Giornata dedicata al mondo cristiano dopo quella di venerdì, molto intensa, dedicata all’incontro con le autorità politiche e religiose egiziane.
Rivolgendosi ai tanti, soprattutto giovani, presenti stamane all’Air Defense Stadium per la celebrazione della Santa Messa, il Santo Padre ha cercato di applicare alla vita di ogni fedele l’esperienza dei discepoli di Emmaus. Tutti siamo discepoli in cammino e viviamo quotidianamente l’esperienza dei due giovani ebrei.

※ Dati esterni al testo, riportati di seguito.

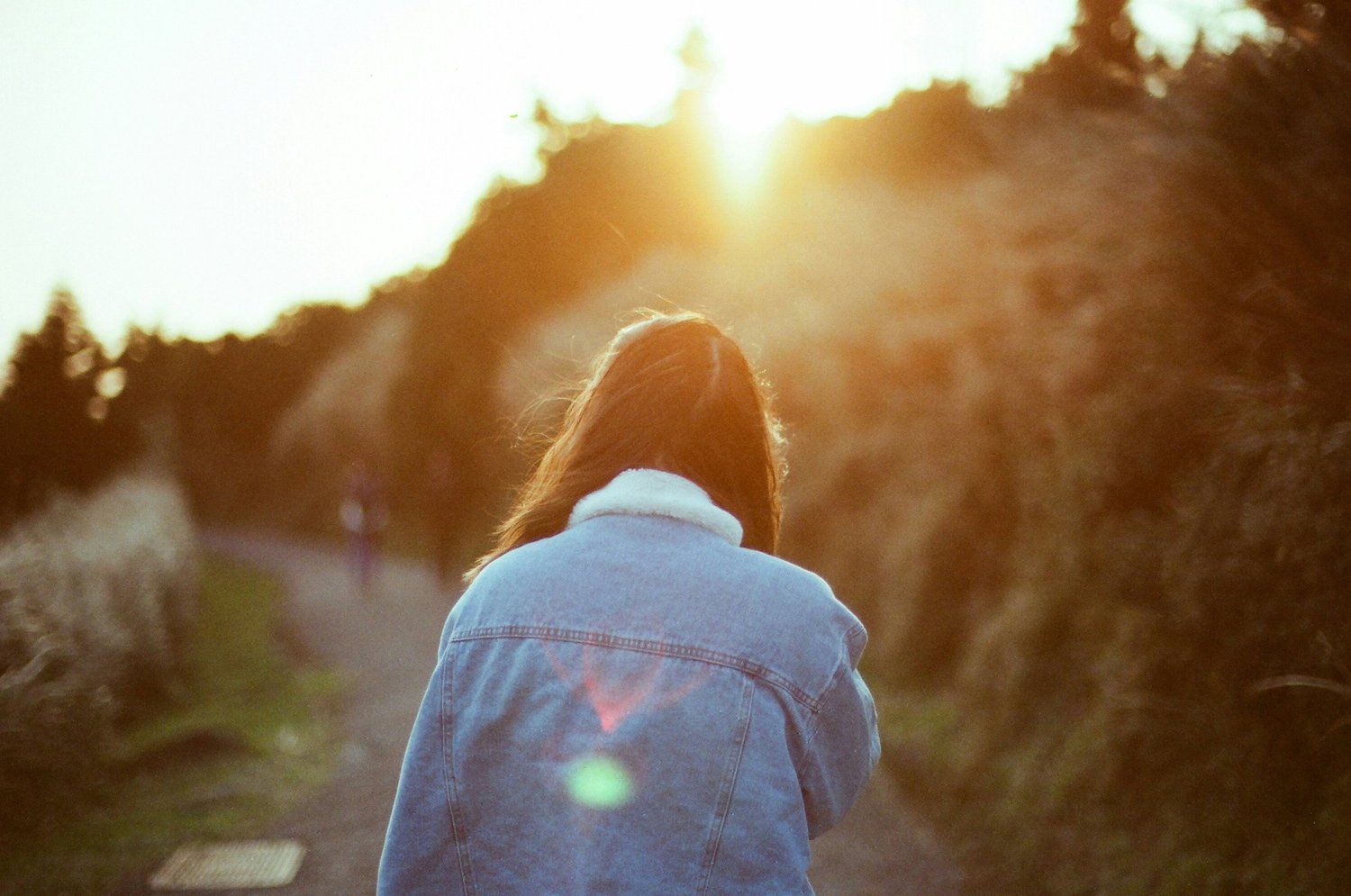 A person walking a sunlit trail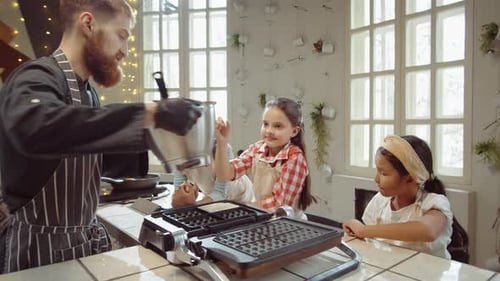 Niños que aprenden a cocinar gofres en una clase de cocina con el chef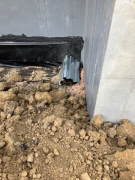 Corrugated steel over sewer pipe outlet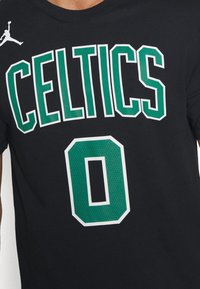 Chemise noire avec texte vert et blanc "CELTICS" et un grand numéro vert "0" en dessous, avec un petit logo Jumpman blanc.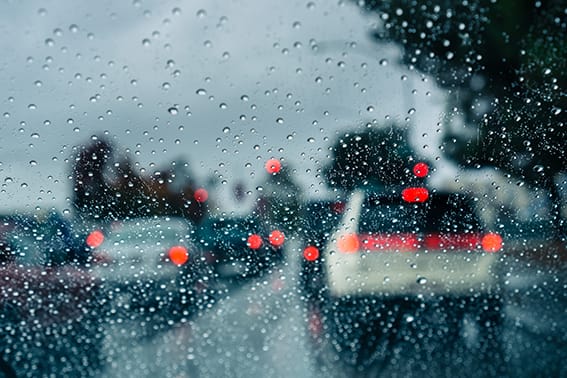 heavy traffic during a rainy day raindrops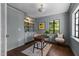 Comfortable office with custom built-ins, hardwood floors, and soft natural light at 1310 Mayfair Rd, Raleigh, NC 27608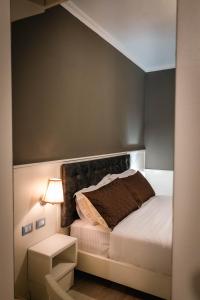 Postel nebo postele na pokoji v ubytování Hotel Aria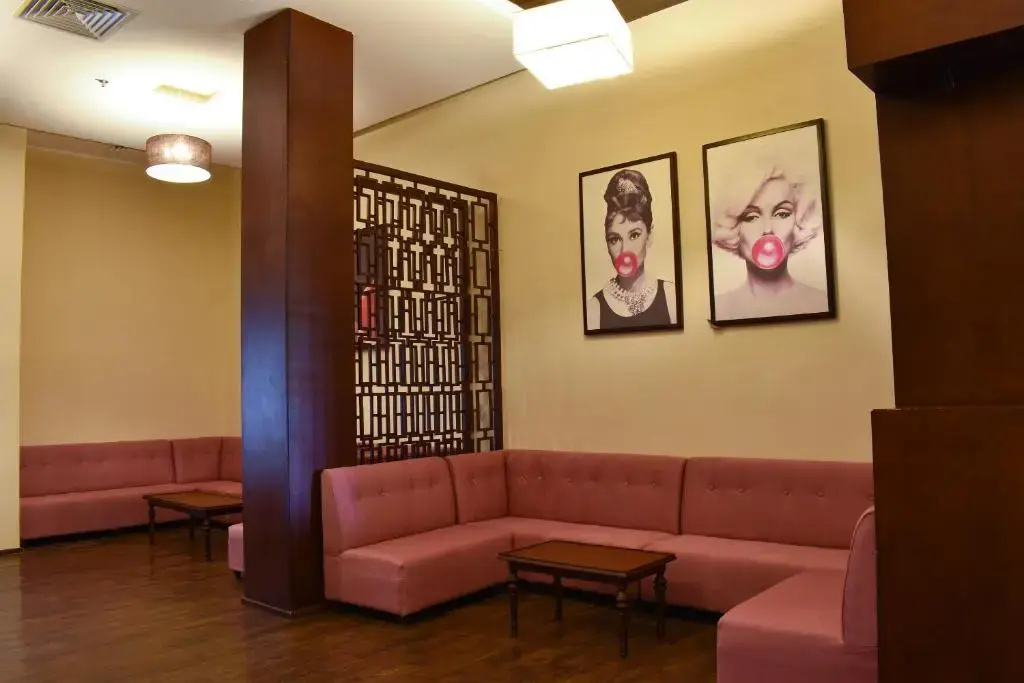 Parrotel Lagoon Waterpark Resort: An indoor lounge with pink upholstered banquette seating, low tables, and framed wall art.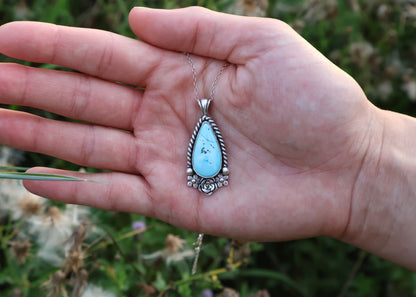 A silver teardrop pendant necklace with a turquoise stone, held in an open hand against a blurred green outdoor background.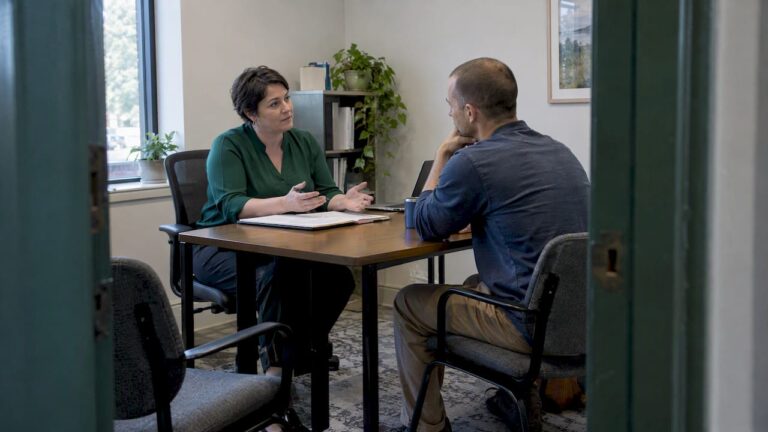 Broker explaining coverage to a self-employed client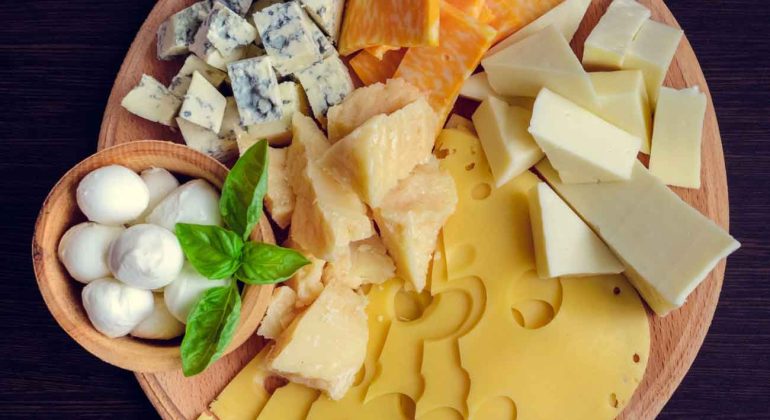 A round wooden board with assorted cheeses, including Swiss, mozzarella balls, blue cheese, cheddar, colby jack, parmesan wedges, and garnished with fresh basil leaves, on a dark surface.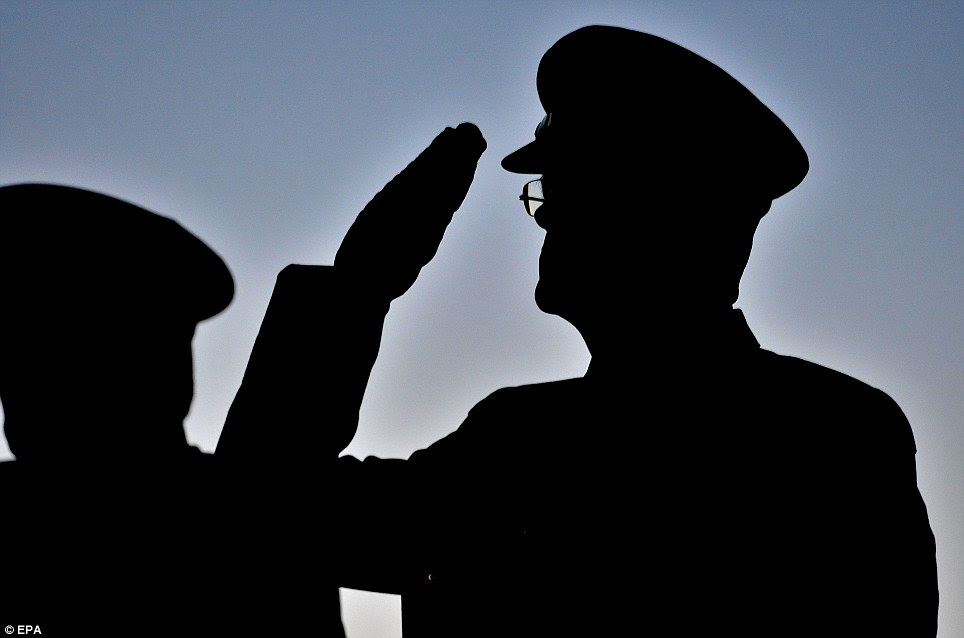 The silhouette of an Australian armed forces officer is captured as he salutes during the ANZAC Day dawn service at the Shrine of Remembrance in Melbourne, Australia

Nella vita ci sono momenti di delusione profonda: «Morte. I due discepoli tornano alla loro vita quotidiana, carichi di delusione e disperazione: il Maestro è morto e quindi è inutile sperare. Erano disorientati, illusi e delusi. […] Colui sul quale hanno costruito la loro esistenza è morto, sconfitto, portando con sé nella tomba ogni loro aspirazione».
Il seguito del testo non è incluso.